WHAT TO WORK ON: A faithful copy of all the data is required; pictures should not be included.

INFORMATION PROVIDED:

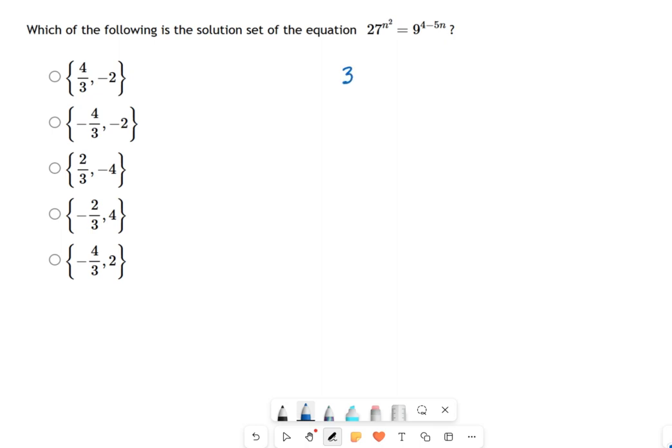On the left we have three to the third power, and that's raised to the n² power. On the right we have three squared — that's nine — raised to the (4 − 5n) power. The key insight is getting both sides to share base three, but the problem is there are multiple exponents on each side: a three and an n² on the left, and a two and a (4 − 5n) on the right.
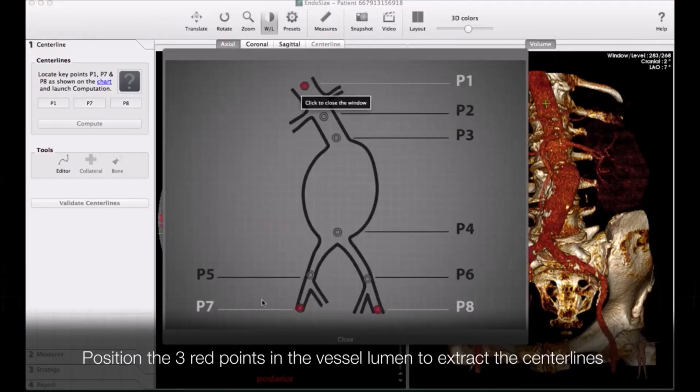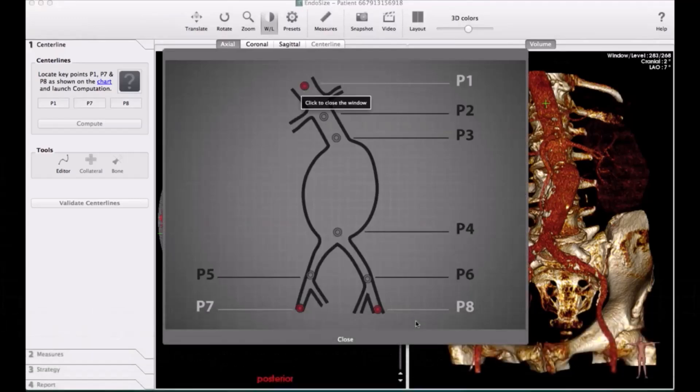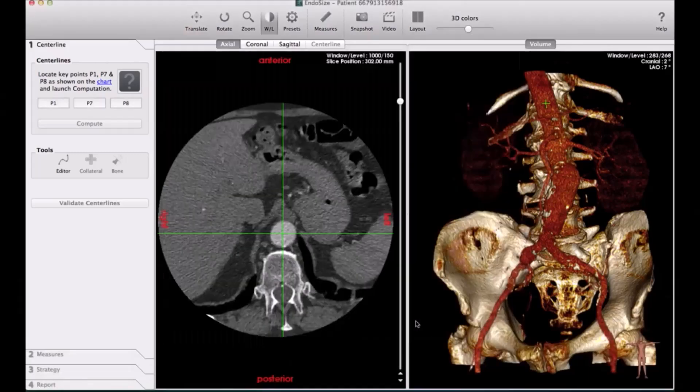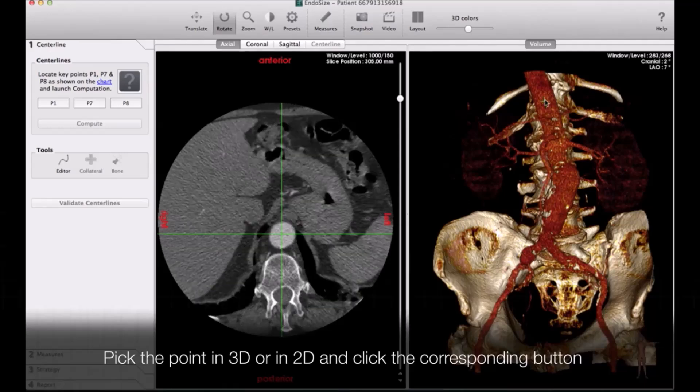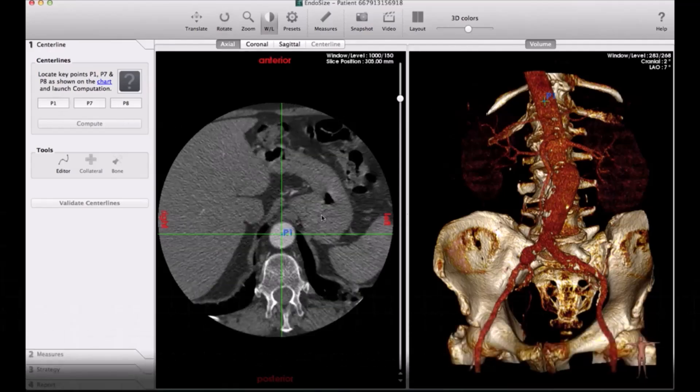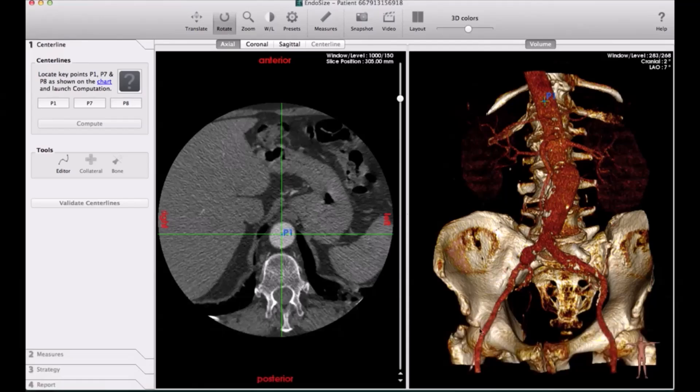You can see the diagram for the point P1, renal, P2, bilateral, and P7, P8, right and left common femoral artery. It will automatically do the measurements for you.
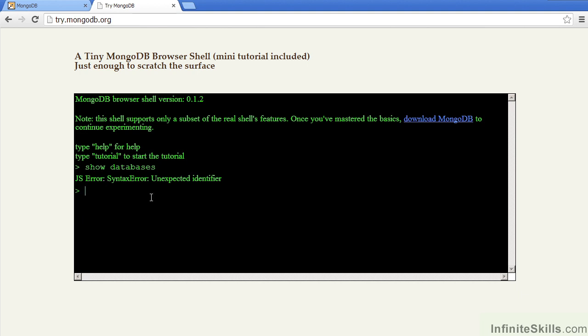if we type in Show Databases, which would normally give you a list of databases within your MongoDB installation, the tutorial shell will not allow you to step outside the bounds of the tutorial.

SOLUTION FOR THIS TASK:
On the left we have three to the third power, and that's raised to the n² power. On the right we have three squared — that's nine — raised to the (4 − 5n) power. The key insight is getting both sides to share base three, but the problem is there are multiple exponents on each side: a three and an n² on the left, and a two and a (4 − 5n) on the right.
You can see the diagram for the point P1, renal, P2, bilateral, and P7, P8, right and left common femoral artery. It will automatically do the measurements for you.
if we type in Show Databases, which would normally give you a list of databases within your MongoDB installation, the tutorial shell will not allow you to step outside the bounds of the tutorial.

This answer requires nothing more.